■ DATA FOR THE TASK:
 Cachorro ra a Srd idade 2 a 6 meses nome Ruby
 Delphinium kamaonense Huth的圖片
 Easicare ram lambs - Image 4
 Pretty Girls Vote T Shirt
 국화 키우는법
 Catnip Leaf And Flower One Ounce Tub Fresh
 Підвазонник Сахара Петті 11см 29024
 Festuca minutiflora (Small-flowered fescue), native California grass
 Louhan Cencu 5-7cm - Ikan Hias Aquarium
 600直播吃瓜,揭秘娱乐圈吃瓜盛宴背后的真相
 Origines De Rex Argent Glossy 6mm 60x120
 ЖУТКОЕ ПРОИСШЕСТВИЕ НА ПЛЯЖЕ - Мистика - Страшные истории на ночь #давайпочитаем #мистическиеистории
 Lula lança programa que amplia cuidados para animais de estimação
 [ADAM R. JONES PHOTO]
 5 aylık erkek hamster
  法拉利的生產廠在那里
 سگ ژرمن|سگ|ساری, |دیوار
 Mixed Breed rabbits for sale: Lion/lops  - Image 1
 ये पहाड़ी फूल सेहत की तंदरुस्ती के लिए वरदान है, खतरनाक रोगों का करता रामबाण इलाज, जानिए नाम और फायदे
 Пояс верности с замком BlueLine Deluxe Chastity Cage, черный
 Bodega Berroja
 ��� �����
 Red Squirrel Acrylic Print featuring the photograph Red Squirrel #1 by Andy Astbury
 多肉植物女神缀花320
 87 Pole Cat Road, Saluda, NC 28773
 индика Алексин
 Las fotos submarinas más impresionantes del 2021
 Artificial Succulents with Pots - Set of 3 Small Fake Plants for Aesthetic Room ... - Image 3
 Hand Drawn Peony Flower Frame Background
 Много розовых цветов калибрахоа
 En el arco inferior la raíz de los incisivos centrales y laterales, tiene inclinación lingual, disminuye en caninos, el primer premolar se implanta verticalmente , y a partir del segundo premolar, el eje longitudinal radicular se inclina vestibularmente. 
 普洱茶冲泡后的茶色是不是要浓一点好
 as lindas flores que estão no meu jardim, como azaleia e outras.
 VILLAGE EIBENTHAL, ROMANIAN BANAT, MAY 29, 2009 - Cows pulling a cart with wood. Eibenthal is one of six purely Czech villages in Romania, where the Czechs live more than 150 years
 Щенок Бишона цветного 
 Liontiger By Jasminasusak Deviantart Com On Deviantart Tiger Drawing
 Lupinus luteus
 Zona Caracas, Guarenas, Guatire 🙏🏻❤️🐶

■ WHAT NEEDS TO BE DONE: Look through the entries. Copy out each line with "Small" in it.

■ SOLUTION FOR THIS PROBLEM:
 Festuca minutiflora (Small-flowered fescue), native California grass
 Artificial Succulents with Pots - Set of 3 Small Fake Plants for Aesthetic Room ... - Image 3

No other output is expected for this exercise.